2. If the interpretation of OpenMP directives is turned of at compile time, these directives do no longer affect the serial correctness of the code. But if OpenMP support is activated at compile time, these directives may have an impact on the behavior of the code, even if the parallel region is deactivated (by an if clause evaluating to false) or if the parallel region is executed with one thread only.
3. The overhead of a static distribution of iterations of a parallelized loop is really cheap, because each thread is able to figure out its chunk independently.
The example which is considered in (3) contains a combined parallel region and for worksharing construct with a reduction clause. The overhead of a parallel region is by no means neglectable, nor is a for worksharing construct even with a static schedule, because it implicitly contains a barrier at the end.

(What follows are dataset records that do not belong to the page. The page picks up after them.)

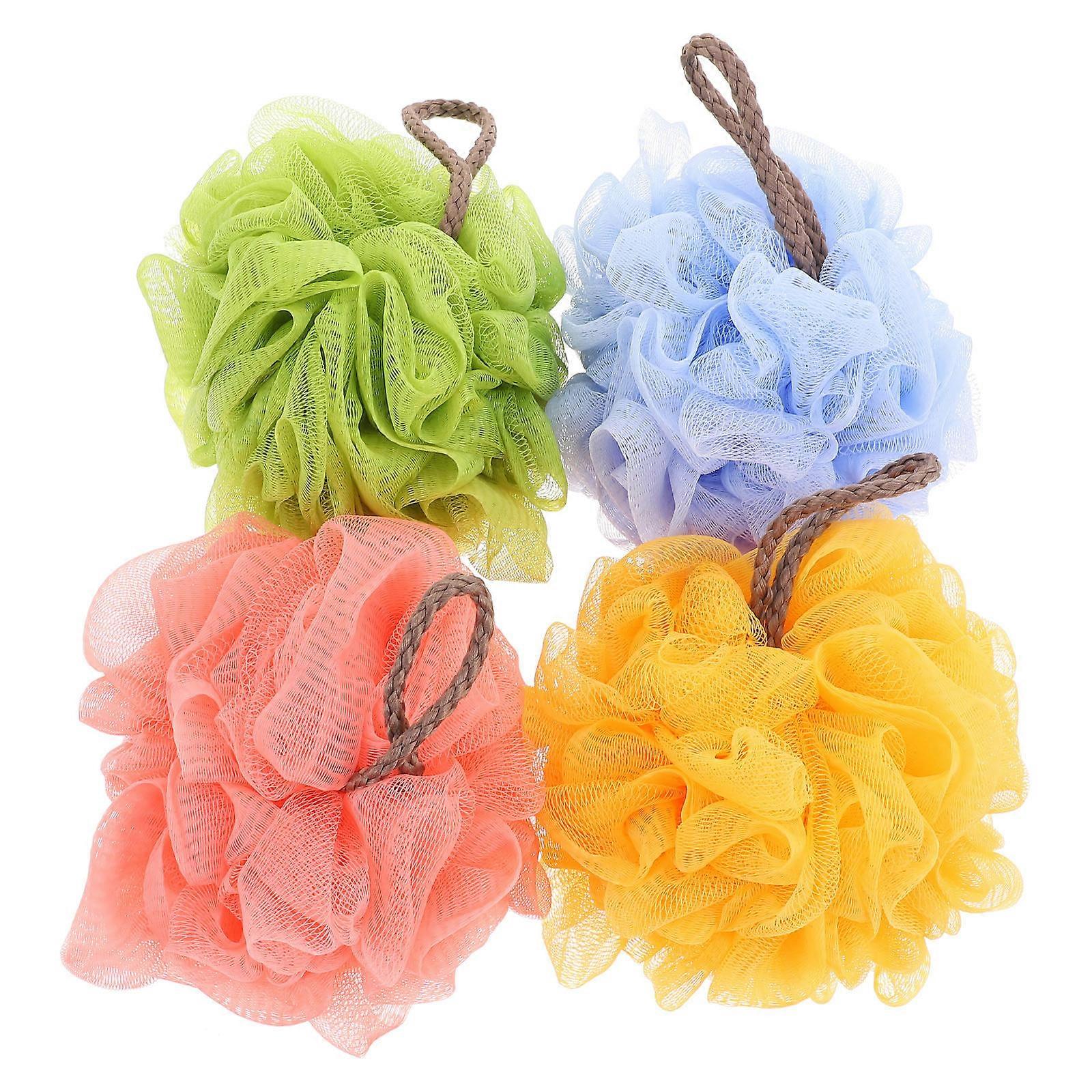 4pcs Bath Shower Balls Gentle Exfoliating Mesh Pouf for Deep Cleansing, Ideal for Women & Men, Bathroom Essentials Supply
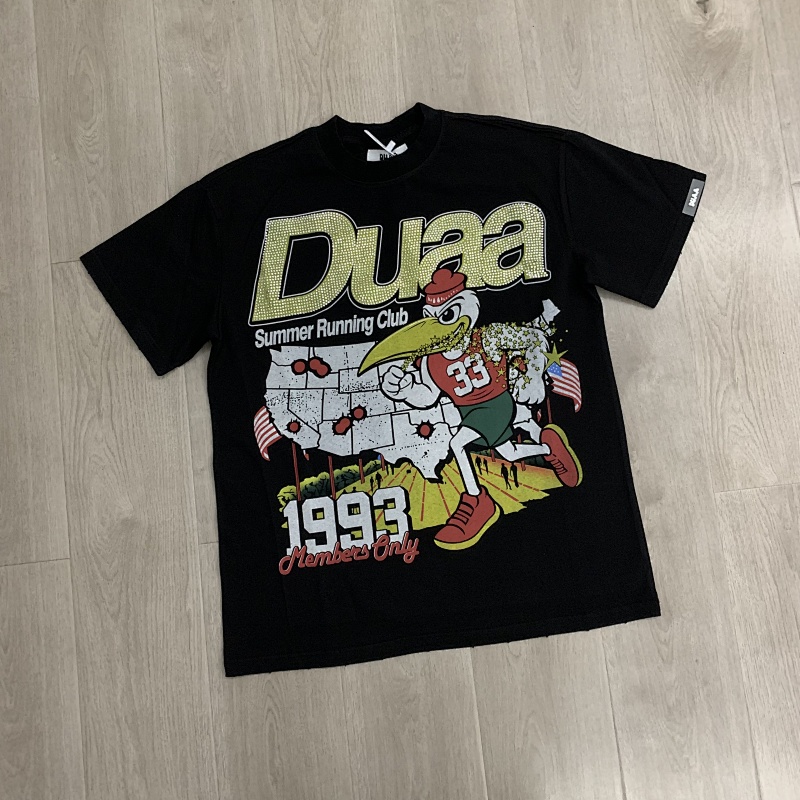 DU209# P68  DUAA SPRINT BLK TEE SHIRT美国时尚潮牌烫钻破洞短袖T恤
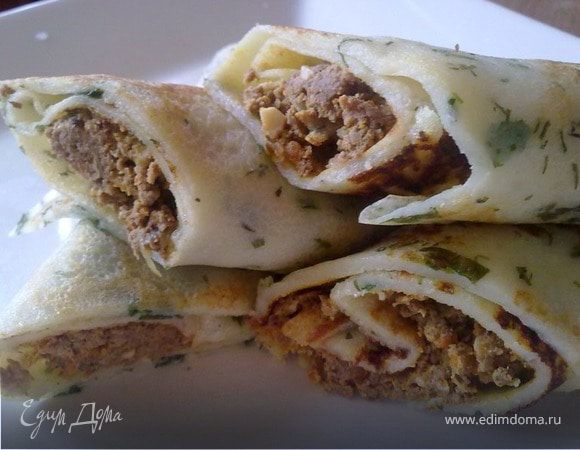 Зеленые блины с паштетом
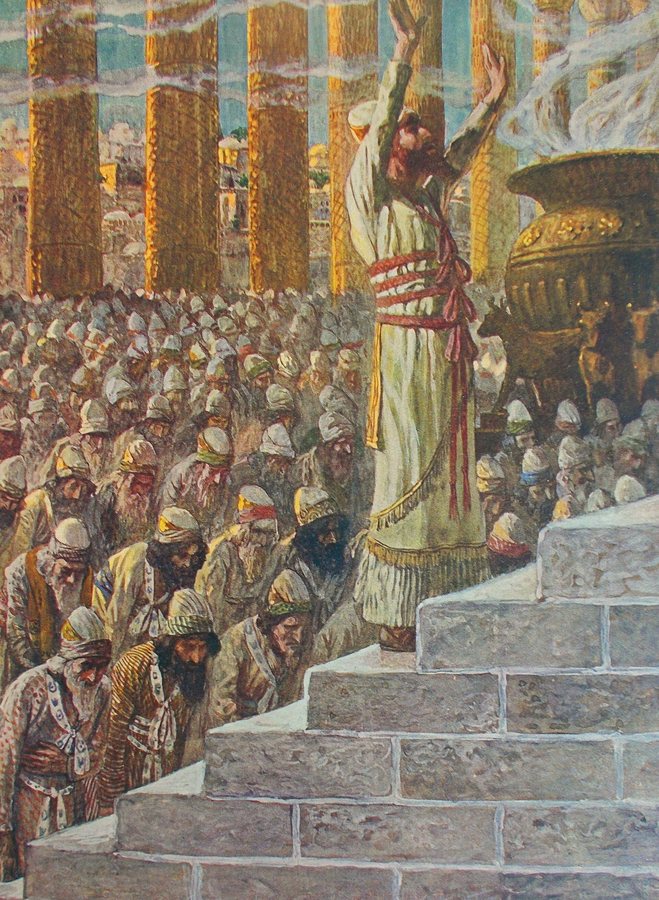 Solomon dedicates the Temple — original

Also the reduction in the example adds some overhead.
The for worksharing construct itself, without any barrier (after adding a "nowait" clause) and with a static schedule should come almost for free. But be aware! Unfortunately, the default loop schedule is implementation dependent. So add a schedule(static) clause to be on the safe side.
4. – 8. Nested parallelization was specified from the very beginning in 1997, but there clearly were gaps in the specification which have been filled with OpenMP 3.0. In the beginning it was not completely clear how to control the number of threads of inner parallel regions and in fact, compilers implemented nesting quite differently. Also there was no standard way to limit the nesting level or the total number of threads, which is now clearly stated in OpenMP 3.0. As a consequence, it was quite easy to blow up a machine. Still, unfortunately, the default number of threads per parallel region and the default pool size is implementation dependent. Therefore the user still has to pay attention in order not to exceed any resource limits.
I like to add, that despite any criticism, OpenMP is in productive use since about 10 years now. Plenty of publications about successful OpenMP parallelization projects have been presented in the OpenMP workshops and elsewhere since then. As the most prominent example I like to mention the Gaussian chemistry package, which is the most frequently used ISV code at our site.
We also were able to successfully employ nested parallelization for large application codes. Even the early implementations of nested parallelization with OpenMP were not useless. But some care had to be taken.
I do not think that the capabilities of the early versions of OpenMP were as limited as the summary of the short introduction by Charles Leiserson (3) suggested.
Anyhow, I hope that both approaches, OpenMP and Cilk++ will contribute to move industry and science forward to the benefit of mankind.